Average Social Security benefits have fallen below inflation by about $1,054 from the start of the pandemic through 2022, according to new analysis from the nonpartisan senior group. That excludes Medicare Part B premiums, which are usually deducted directly from your Social Security benefit checks.

“It will be very difficult for people to recover.”

So will retirees who rely on Social Security for income finally catch up in 2023 after inflation soars?

The answer to that question remains uncertain, according to Mary Johnson, Social Security and Medicare policy analyst at the Senior Citizens League.

How much beneficiaries can catch up depends mostly on lower inflation.

Consumer prices fell 0.1% in December, in line with expectations

However, if inflation drops too low, that could lead to fewer – or even no – benefits for COLA in 2024, which will also make it difficult to recover, according to Johnson.

“It’s going to be very difficult for people to recover, if they recover at all,” Johnson said.

In 2020, the 1.6% growth in inflation rates (COLA) kept pace with inflation. Average benefits that year ended up being about $53 before deductions for Medicare Part B.

However, in 2021, with 1.3% COLA, the average accrual came in at $612, or $51 per month.

In 2022, a 5.9 percent COLA has helped curb the shortfall, yet average benefits are still lagging by $495, or $41.25 per month.

This predicament has made it all the more important for retirees to carefully plan all income streams, not just Social Security.

“It’s a good thing for people planning for retirement to consider and understand the effects of inflation, not only on your Social Security benefits, but especially on retirement benefits that are not protected from inflation,” Johnson said.
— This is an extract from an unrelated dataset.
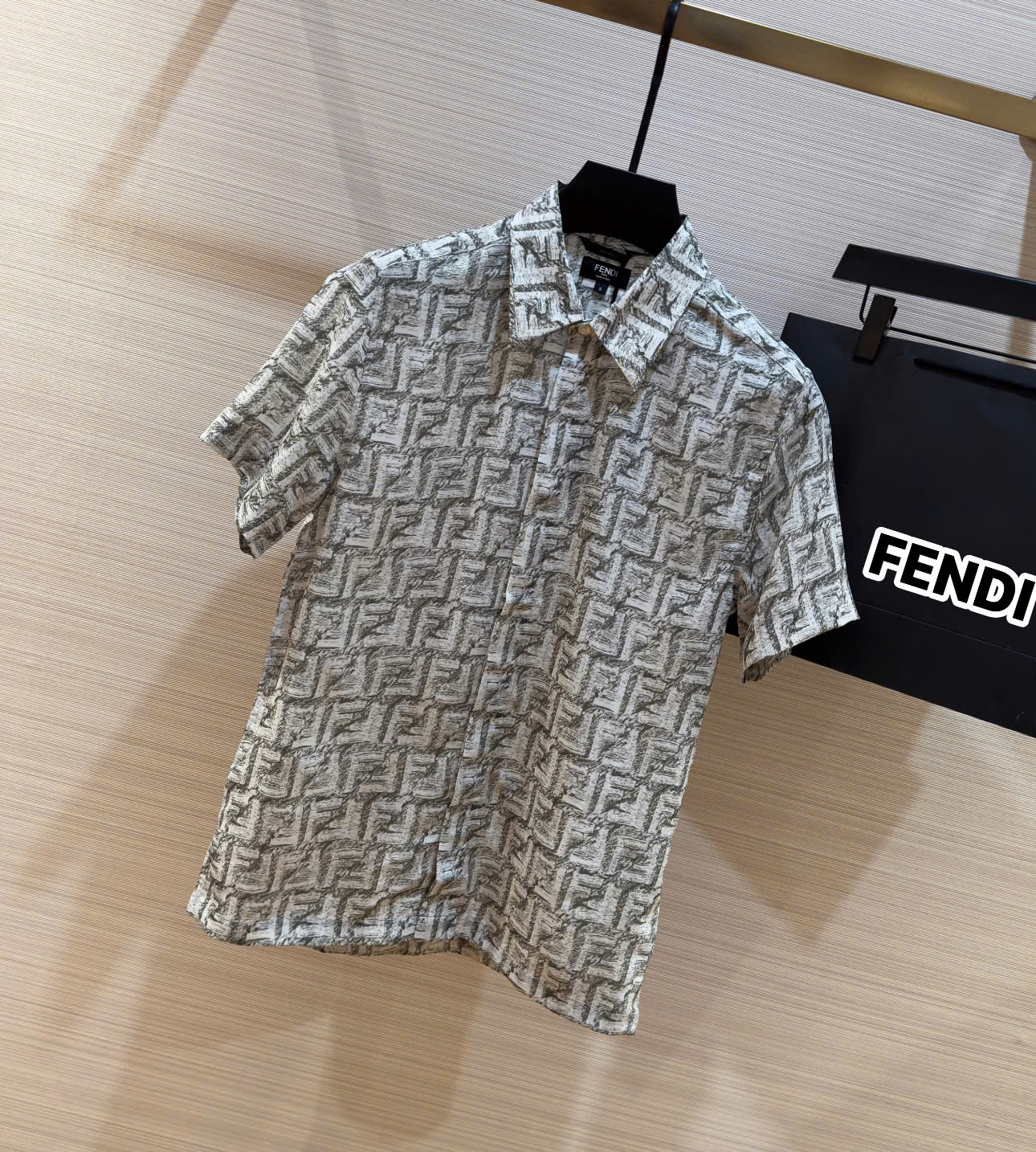 Áo sơ mi cộc tay lụa Fendi FF Trắng họa tiết logo chữ loang full Like Auth on web DDT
8.7% COLA ‘probably not a real increase’

The 8.7% COLA may not significantly increase the purchasing power of recipients, since daily costs are still high, according to Joe Elsasser, founder and president of Covisum, a Social Security claim software company.

“Although it may seem like an increase, it is most likely not a real increase,” Alzomar said.

The Social Security Administration uses a measure called the Consumer Price Index for urban wage earners and clerical workers, or CPI-W, to calculate the COLA each year.

The annual cost of living is based on the annual percentage increase in the Consumer Price Index – W for the third quarter. If no increase occurs, there will be no COLA.

The graph above shows which costs have risen the most, based on CPI-W data through December. To be sure, some advocates have argued that other measures may better reflect the costs faced by retirees, such as the Consumer Price Index for Seniors, or CPI-E, and thus may be a better measure of adjusting the annual cost of living.